3. Avoid Interest on Other Debts
If you’ve ever fallen into the cycle of debt to cover your bills, you know how hard it is to escape. Once you slip into credit card balances you can’t pay off each month, or the spiral of paying one debt with another, the interest stacks up quickly.
“When you have sufficient savings, you can avoid taking out loans and paying interest,” said Melanie Musson, finance expert with Quote.com. No credit card interest, no personal loans, no student loans or even car loans. “Instead of taking out an auto loan, you can pay cash for your car,” she said.
4. Higher Credit Score, Lower Interest Rates
No credit card balances or late payments also boosts your credit score. When you do go to take out a mortgage loan, business loan or investment property loan, lenders will compete with each other to offer you the lowest interest rate available.
5. Avoid Life and Disability Insurance (Potentially)
Imagine a couple where each spouse earns $50,000 — and the household lives on just one of those salaries. If one spouse died or became unable to work, the household could survive on the other spouse’s income.
That family could potentially avoid coughing up money for life insurance and disability insurance premiums. And with the money they save on those premiums, they can invest even more each month and grow their wealth even faster.
6. Option for High-Deductible Insurance
A person with almost no savings can’t afford to have high-deductible health, auto or homeowners insurance. They likely couldn’t come up with the deductible in an emergency.
But people with a high savings rate have the option to buy policies with higher deductibles and lower premiums. That saves them more money, allowing them to funnel more money into investments and emergency savings.
It also opens the door for them to invest tax-free through a health savings account (HSA), which offers the best tax advantages of any account in the U.S.
7. Lower Taxes With Tax-Advantaged Accounts
When you contribute money to an HSA or traditional retirement account, you can deduct the contribution from your taxable income.
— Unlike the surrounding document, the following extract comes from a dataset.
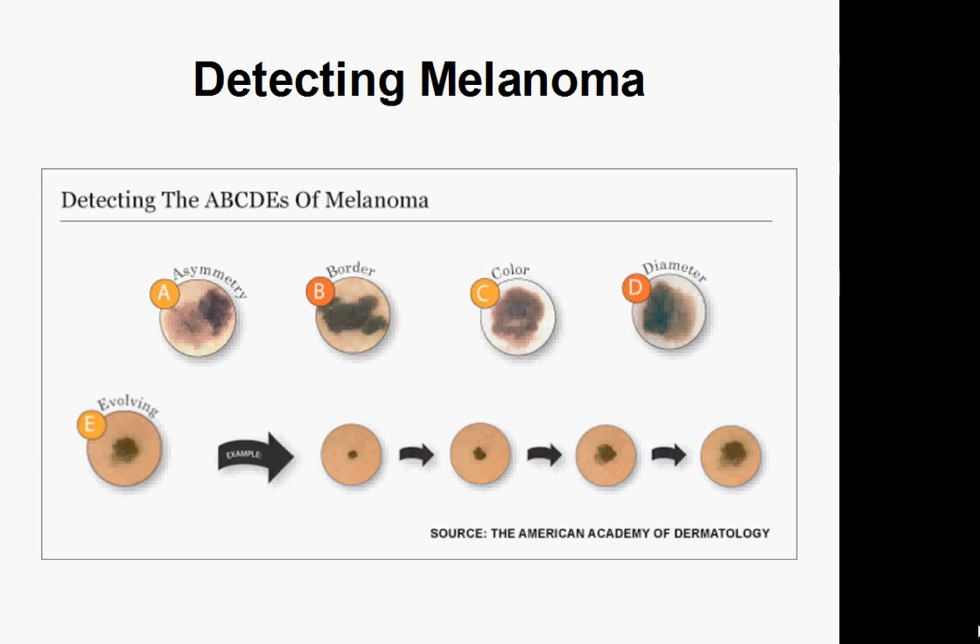The medical community recommends using the ABCDE rule. The A stands for asymmetry — when one half isn't the same as the other half. As you can see, one half is a little bit bigger than the other, and that's one way you can tell it's melanoma. The B stands for border — that's when the edges are blurred or ragged and uneven. So that's another sign.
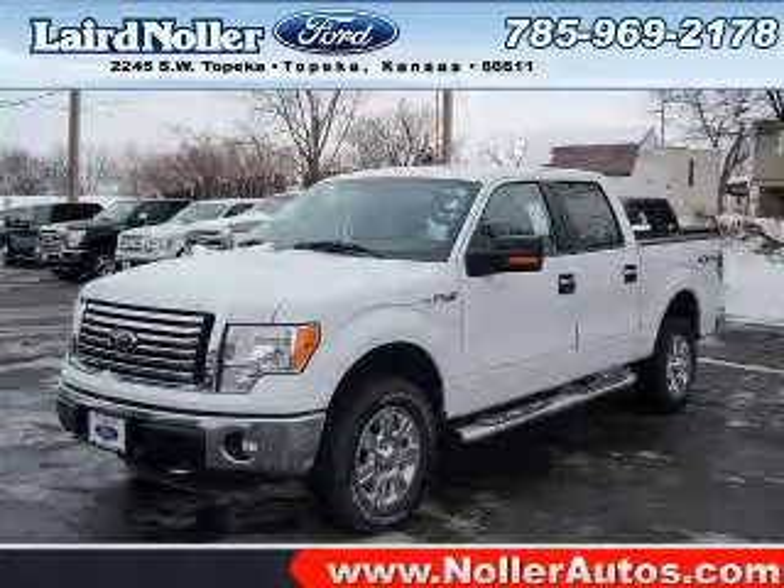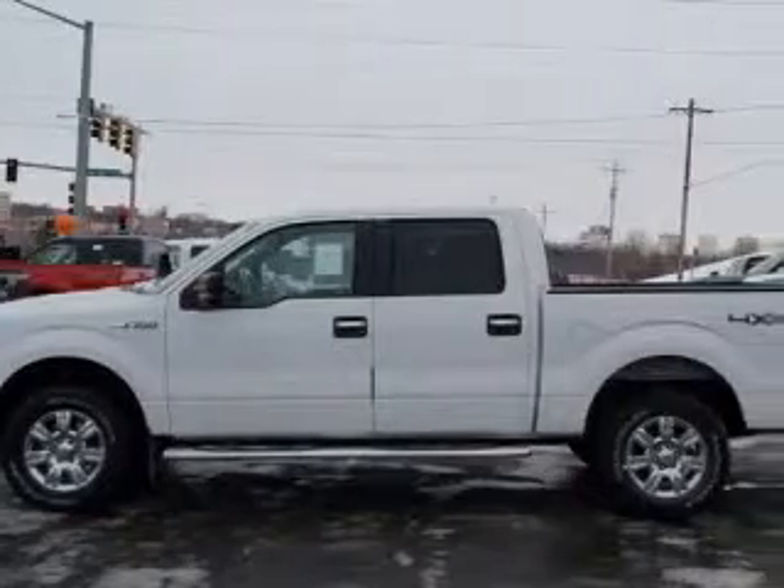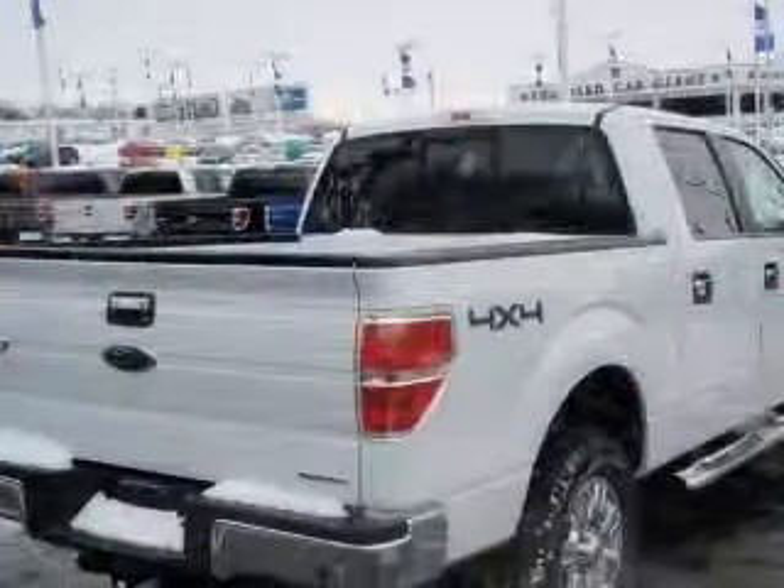We are proud to present this excellent new 2011 Ford F-150. This F-150 has a 5.0L V8 engine and an automatic transmission.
That lowers your tax bill, helping you save even more money.
Alternatively, contributing to a Roth account doesn’t lower your tax bill today, but your money then compounds tax-free and you pay no taxes on withdrawals in retirement. That means you don’t need as much of a nest egg saved for retirement — again helping your money stretch further.
8. Lower Nest Egg Target
Remember that couple who earns $100,000 but spends only $50,000 a year? Sure, they’ll save money faster than their friends who earn the same but spend $90,000. But they’ll also become work-optional faster because they don’t need as much income to live on.
Robert Drach, professor and founder of Drach Advisors, put it simply: “The more you save, the better you get at living on less. And if you can live on less, you need a smaller nest egg to retire. You’re saving more while needing less, which means you can retire earlier.”
If you follow the 4% rule in retirement, you’ll need 25 times your annual spending as a nest egg. That couple who lives on $50,000 would need $1.25 million to ditch their day jobs. Their friends who spend $90,000 a year would need $2.25 million, however.
9. Reach Accredited Investor Status Sooner
With a net worth over $1 million, you qualify as an accredited investor. That opens up many higher-return investments for you, such as private equity real estate investments and funds, where you might earn 12% to 20% on your money instead of 4% to 10%.
Savings begets more savings, and wealth begets more wealth. Get off the financial treadmill and start making real progress, and you’ll be surprised at how much easier it gets with every extra dollar you save and invest.